Tengelmanns US-Tochter A&P ist pleite

Mülheim/Montvale (dpa) - Kaum sind die Baustellen von Tengelmann in der Heimat nahezu abgearbeitet, tun sich in Übersee neue auf: Die US-Tochter A&P ist in die Insolvenz geschlittert. Das Geschäft läuft aber erstmal weiter.

Die Kaufzurückhaltung der Amerikaner, eine missglückte Übernahme und die Konkurrenz von gigantischen Supermarktketten wie Wal-Mart haben dem Traditionsunternehmen, dessen Wurzeln bis 1859 zurückreichen, schwer zugesetzt. Hiesigen Kunden ist A&P vor allem als Eigenmarke von Kaiser's Tengelmann bekannt.

„Auf Deutschland wird die Insolvenz keine Auswirkungen haben“, sagte eine Tengelmann-Sprecherin am Montag. Die Rechte an der Eigenmarke habe Tengelmann zwischenzeitlich gekauft. Tengelmann war 1979 bei The Great Atlantic & Pacific Tea Company eingestiegen und hält aktuell 38 Prozent. „Das war unser Schritt über den großen Teich“, sagte sie. Zum damaligen Kaufpreis konnte sie keine Angaben machen. Nach der Insolvenz muss Tengelmann den Wert auf Null abschreiben.
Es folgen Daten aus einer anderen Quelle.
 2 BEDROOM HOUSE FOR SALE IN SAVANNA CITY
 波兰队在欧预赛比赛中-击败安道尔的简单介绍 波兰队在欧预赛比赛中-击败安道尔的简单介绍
A&P hat 395 Filialen und erzielte im abgelaufenen Geschäftsjahr mit mehr als 40 000 Mitarbeitern einen Umsatz von 9,5 Milliarden Dollar (7,2 Mrd Euro). Damit gehört A&P zu den mittelgroßen Spielern am Markt. Diese leiden schwer unter der Wirtschaftskrise, die die Bürger in den Vereinigten Staaten wesentlich härter getroffen hatte als die Deutschen. Die Arbeitslosigkeit ist hoch, die Aussichten sind unsicher. Entsprechend zurückhaltend sind die Kunden beim Einkaufen.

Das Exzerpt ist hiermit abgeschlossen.